You’re having a cookout, so you go to the store to buy some burgers. You have a choice:
· A big lump of ground beef
· A package of eight pre-made burgers
How you answer this question says everything about you and your outlook on life.
So I actually asked AI about this. AI probably rolled its eyes when it got the search query. “How much does ground beef cost versus pre-made burgers?”
Ground beef: $6.50 per pound makes 4 quarter-pound burgers, so each patty costs about $1.63.
Pre-made/fresh patties: At $6.49–$7.50 per pound, each 4 oz patty costs $1.62–$1.88.
Bulk frozen patties: Often about $1.47 per patty, sometimes slightly less per pound in very large packs.
So you’re saving, at most, 25 cents per burger by buying the big lump of ground beef? Multiplied by eight burgers is $2.00? Brilliant!
So then you have to consider how much time it is going to take to take that big lump of ground beef and turn it into burgers. Let’s say, for the sake of argument, 15 minutes, which means that you’re valuing your time at $8/hour, which is just above the federal minimum wage (which nobody makes anymore). Also, you get burger fat all over your hands, and now matter how hard you try, and how many times you wash your hands, your hands are going to smell like burger for the rest of the day. And you make a mess of your kitchen.
The fact is that humans are not meant to make burgers out of ground beef—machines are. Machines will do it better and cheaper. Also, the burgers you make yourself will be all lumpy and they’ll fall apart on the grill. The pre-made burgers you get from the grocery store are perfect.
So sure, if you want to save two bucks, make the fucking burgers yourself, in your million dollar house and with your $80,000 car in the garage. If you buy the lump of ground beef 40,000 times, you will have saved enough for a new car. Maybe you just like the feeling of meat in your hands. You can come over to my house anytime.
A few years back, Mr. Money Mustache did a blog post about how he made a pizza at home to save money. A pizza from Domino’s was $20, and the ingredients to make a pizza were $5, so he saved $15. Brilliant!
Except making your own pizza is a pretty labor-intensive proposition, so you’re spending three hours rolling out dough and chopping vegetables and grating cheese and making sauce, so if you value your time at $25/hour, it’s an $80 pizza. $5 for the ingredients and $75 for the labor. Again, Domino’s makes pizzas faster and better than you—they have what’s known as economies of scale, so you should just order the pizza from Domino’s and do whatever you want to do with your free time, like watch baseball, or write a blog post, or whatever. Another concept worth talking about here is the division of labor—you’re really good at trading stocks, and someone else is really good at making pizza, so you should trade the stocks and let someone else make the pizza. I suppose if you thought having a pizza night at the house was a good thing to do with the family, then sure, you can justify this behavior, but you’re not saving any money.

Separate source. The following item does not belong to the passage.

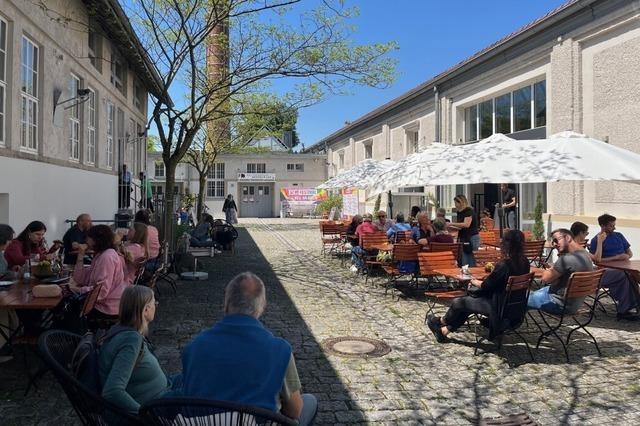 ESC-Band aus Korken, Hackbrettklänge und Kunst: Der Auftakt des ESC-Festivals in Weil am Rhein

Time is more important than money. You can always make more money, but you can’t make more time. I’ll say that again—you can’t make more time. The 15 minutes you spend pounding ground beef you will never get back—you are 15 minutes closer to death. Now, let’s say that you were very, very poor. Indigent, even. Then, it would make sense to buy the lump of ground beef and make burgers. But for everyone else, making your own burgers is a money-losing proposition.
I will tell you a story. When I moved into my last house in 2015, the first day I was in the neighborhood—we were still moving in furniture—two cops showed up at the front door. They asked if I had seen anything unusual in the neighborhood. Apparently, there was a burglar going around stealing TVs in the middle of the night. Well, the guy eventually got caught. Now, in the universe of TV burglars, this guy gets the gold medal. He broke into 24 houses and stole 24 TVs before he got caught, which is an excellent record. And then I thought about it—what was he selling the TVs for? Probably $300 at most. And he couldn’t sell them all at the same pawn shop—he was probably driving all over the state to move the hot TVs. If you took into account all the nights he spent breaking into houses, and all the time he spent trying to move the hot TVs, it probably came out to about $15 an hour. And he ended up getting an eight-year sentence.

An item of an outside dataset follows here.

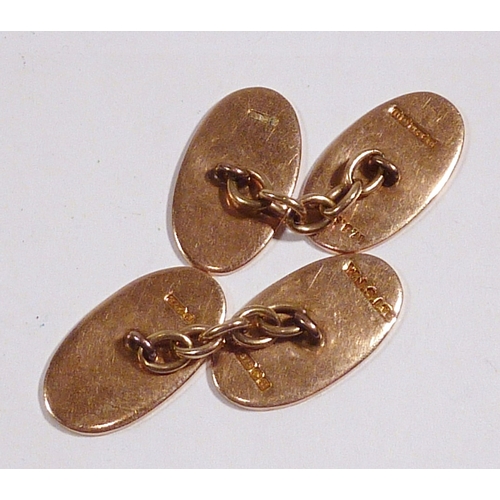70 - A pair of 9ct gold chain link cufflinks having engine turned flat faces, approx 7g / heads 19 x 11mm...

Which brings me to my point—for normal people, good people, they understand the relationship between time and money. Criminals don’t. Criminals will risk 20 years in prison for $20. You know who else doesn’t understand the relationship between time and money? Cheap fucks. Your landscaping bill is $300/month. I’m not paying that, that’s outrageous, and then you do your own landscaping, which values your time at $10/hour. I suppose some people like doing their own landscaping—they enjoy getting all hot and sweaty, but as a way to save, it is a money-losing proposition. Again, the landscaping company has economies of scale, and there is such a thing as a division of labor, so if you make $30/hour uploading fart videos to YouTube, then it makes sense to do fart videos and let someone else do the landscaping.

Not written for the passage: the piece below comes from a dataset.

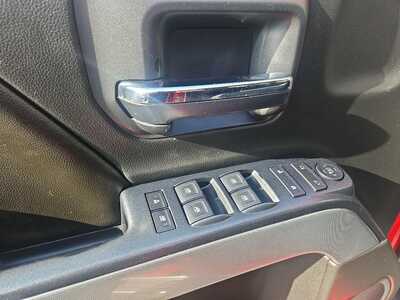 2017 Chevrolet 2500 Crew Cab, $25900. Photo 9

I think about this all the time, and it is to the point where if I am walking through the grocery store parking lot and I see a nickel on the ground, it actually doesn’t make sense for me to pick it up, because it takes me five seconds to stop and pick it up, and I make more than a nickel every five seconds. It probably doesn’t make sense for me to pick up a quarter, either. Inevitably, I do, because I abhor waste, but it makes no economic sense. And it’s about time that we got rid of the penny. All that time wasted counting out pennies at McDonald’s drive-thrus. Fuck the penny, round up to a quarter, and make the line move 20% faster. The whole change thing is funny—there’s been so much inflation that some places I go (even gas stations) will just round up or down to the nearest dollar. Forget the shrapnel. For my part, I take all my change and put it in a jar and take it to Coinstar once a year and get about $150 in cash, which is the most efficient way to deal with change.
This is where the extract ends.